Siamo il paese del non si può fare nulla che disturbi perché oggi voglio vivere bene e sicuro, domani si vedrà: no nucleare, no tav, no centrali a carbone, no pale eoliche, no riforme pensioni, no rigassificatori, no inceneritori…Mi ha lasciato perplesso per esempio la motivazione per cui molti hanno votato il referendum sull’acqua. Perché contro il privato. Un paese che paga ogni giorno una tassa enorme alle inefficienze e alle ruberie del pubblico e non si fida dell’impresa privata non ha futuro. Stimo molto gli imprenditori che rimangono e sono gli unici con i loro lavoratori a sostenere il paese. Ma ormai oltre il 50% degli italiani è improduttivo. I giovani sono forgiati da università di baroni e riempiti di nozioni teoriche ma incapaci di autonomia e imprenditorialità come gli operai degli anni 60 che mettevano su la fabbrichetta. Possibilità di business in Italia ce ne sono, io ho cominciato da un paio d’anni e vedo varie occasioni anche per giovani. Ma questi preferiscono passare da un interinale ad un altro sperando nel posto fisso (facendo qualsiasi lavoro, basta che non sia manuale e rischioso) piuttosto che utilizzare quanto studiato (ma come detto la colpa è delle università).Paese che vive oltre i propri livelli grazie a debito e pensioni generose, che quindi non sa più rischiare.
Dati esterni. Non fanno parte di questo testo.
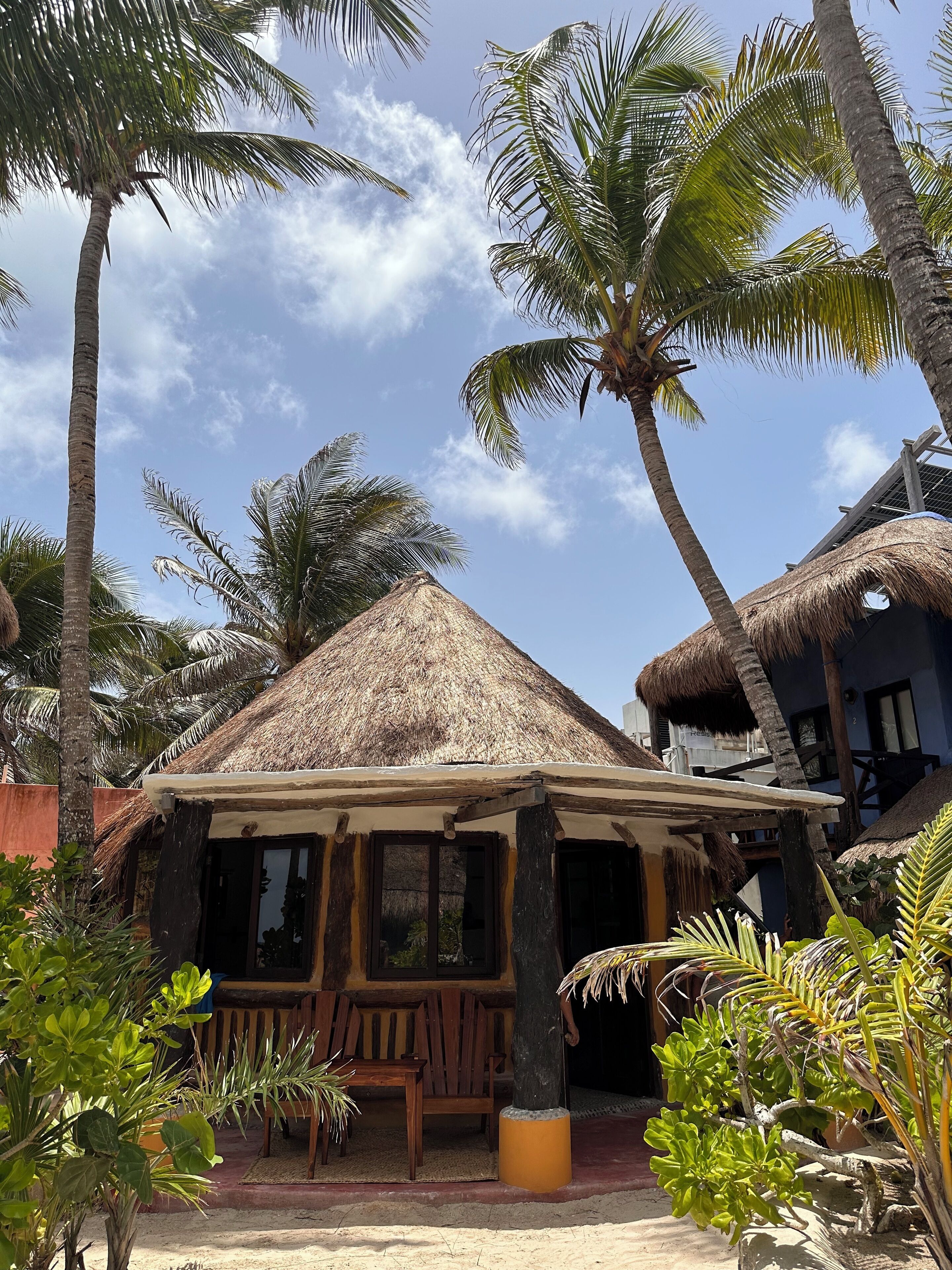 A thatched-roof hut with a wooden bench and a small table, surrounded by palm trees and other tropical plants.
Vogliamo tranquillità e sicurezza, ma la storia ci insegna che chi si adagia sugli allori perde. E penso che quando arriverà la vera emergenza, non saremo in grado di risollevarci in breve tempo.  

condivido pressoché totalmente.

gainhunter
Scritto il 14 Giugno 2011 at 21:59

E’ sempre interessante vedere un punto di vista estero.

In merito a questa affermazione:
“Perchè in Italia si fanno le riforme solo se c’e’ panico.”
come non essere d’accordo? Io l’ho già detto in passato, questa crisi è un’occasione per l’Italia, perchè quando i soldi iniziano a scarseggiare vanno a prenderli dagli evasori, dai mafiosi e dagli “sfruttatori dello stato”. L’ho notato solo io che negli ultimi anni sono aumentate non poco le notizie riguardanti truffe e evasioni fiscali scoperte dalla GdF?
E ora controllano anche tutti quelli che in un anno hanno fatto spese superiori al proprio reddito. Per non parlare della manovra per far emergere gli affitti in nero.
Insomma, sembra che si siano svegliati, evidentemente il crollo del PIL ha fatto paura. Se davvero si riuscisse a recuperare una buona parte dell’evasione e a restituire ai cittadini una fetta di economia sottratta dalla malavita, secondo me l’Italia potrà uscire da questa crisi molto più leggera di debito, sempre che l’occidente riesca a uscirne, ma questo è un altro discorso…
Se poi riescono anche a fare delle riforme e a ridurre i privilegi e i costi di politici & co., allora ci andrà di lusso. 🙂 Ma come dice il tuo amico, dipende da quanto in basso si dovrà cadere per attuarle.
E ricordiamoci sempre che lo Stato non è in mano solo ai politici, c’è anche una schiera di persone che lavorano per lo Stato (polizia, finanza, ecc.) che spesso lavorano davvero nell’interesse dell’Italia, e che non meritano lo scoraggiamento dei cittadini.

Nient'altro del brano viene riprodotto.